Carol has been commissioned by her Baby Boomer association executive, Don, to revamp the education department because class registration and revenue have fallen over 60% over the past five years. Ashley has been invited to a meeting with Don and Carol to add insight. Carol opens the meeting with the statement, “If you think we are doing anything on the computer, we can just stop this meeting right now.”
How do you make sure that all interests are represented?
Did you Mind the Gap correctly? See what Russell Boyce, NARLA 2012 Graduate, has to say:
MARYLAND – SOLUTION
When you look at the real estate industry, it’s diverse—people of all ages, races and backgrounds. A diverse real estate association helps make the real estate industry strong. But, when you examine the generational differences in the workplace, how do you maximize the strengths and not suffer from generational gaps?
In the scenario where a 75-year-old is trying to work with a Gen Xer, you can feel the conviction from both individuals to hold their own ground. This is very common when an older agent meets a younger agent. We see it every day in this business. We also see it in many of our clients as we try to work any indifference out, while maintaining the common goal of achieving a meeting of the minds. If each individual would keep in mind that one of the key ingredients in effective communication is to “listen”—there would be much less conflict. Listening to each other with an open mind and having respect for the other and their opinion would bridge most communication issues.
As the AE, Don has to step in to mend the gap. A heart to heart with Carol is in order. He can counsel her to consider the changing times; the growing younger demographics of new REALTORS® and home buyers. Change is the only constant and their board needs to keep pace with change. While Carol may feel that she knows what works Don is going to need to point out that all schools, including universities have an element of online learning. To encourage Carol, Don can assure her that she has strengths that can be adapted to online delivery. Carol’s years in the business make her a subject matter expert.
Don will need to make sure that Ashley doesn’t get discouraged by Carol’s seemingly iron clad statement.

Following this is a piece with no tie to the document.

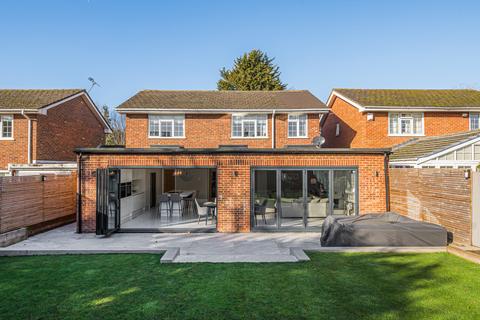 14 Brunswick Grove, Cobham, KT11 1HP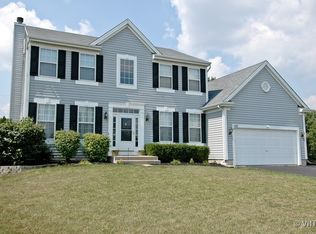 488 Nuthatch Way, Lindenhurst, IL 60046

He can encourage her to draw on her interpersonal skills as a REALTOR® first, to help Carol become her partner, not a detractor.

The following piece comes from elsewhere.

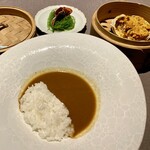 茶禅華 - 上海蟹のビスクカレー 蒸し上海蟹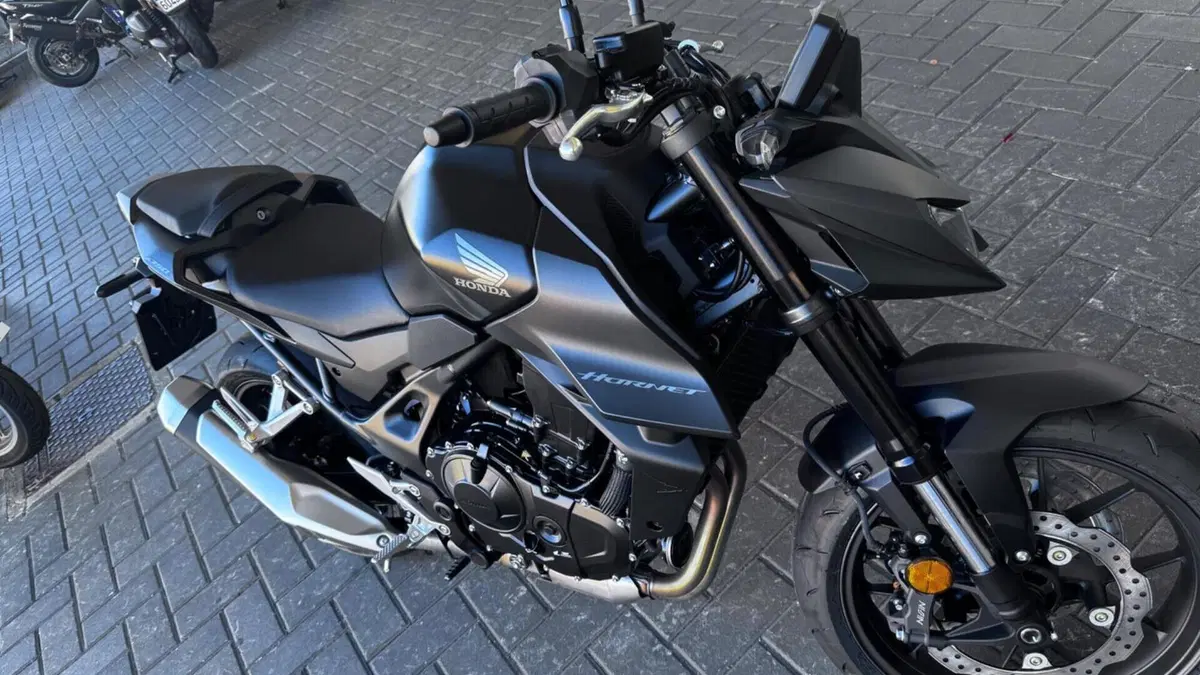 Honda CB 750 Hornet (2025)  (2)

He needs them to work together to address the falling registrations and revenue, and that their efforts as a team will produce long lasting results.
Effective communication across the generations is needed to create and maintain healthy work relationships. Many real estate associations struggle with a generational disconnect when it comes to communication. Half the battle is being aware each generation has a different way of communicating. It can help you anticipate miscommunication and tailor your message.
As you can see, these are four very different generations. In the real estate industry, we all work towards a common goal. It’s important for there to be a give and take among the generations. Understand what each needs and wants and be willing to accommodate each other. Communicating effectively between the generations can give help your business be more productive and give you the edge among your competitors. Always try to listen intently, share your opinion respectively and know that there are times when you can simply agree to disagree. If you get to this point you will truly have mastered the ability to “Mind the Gap.”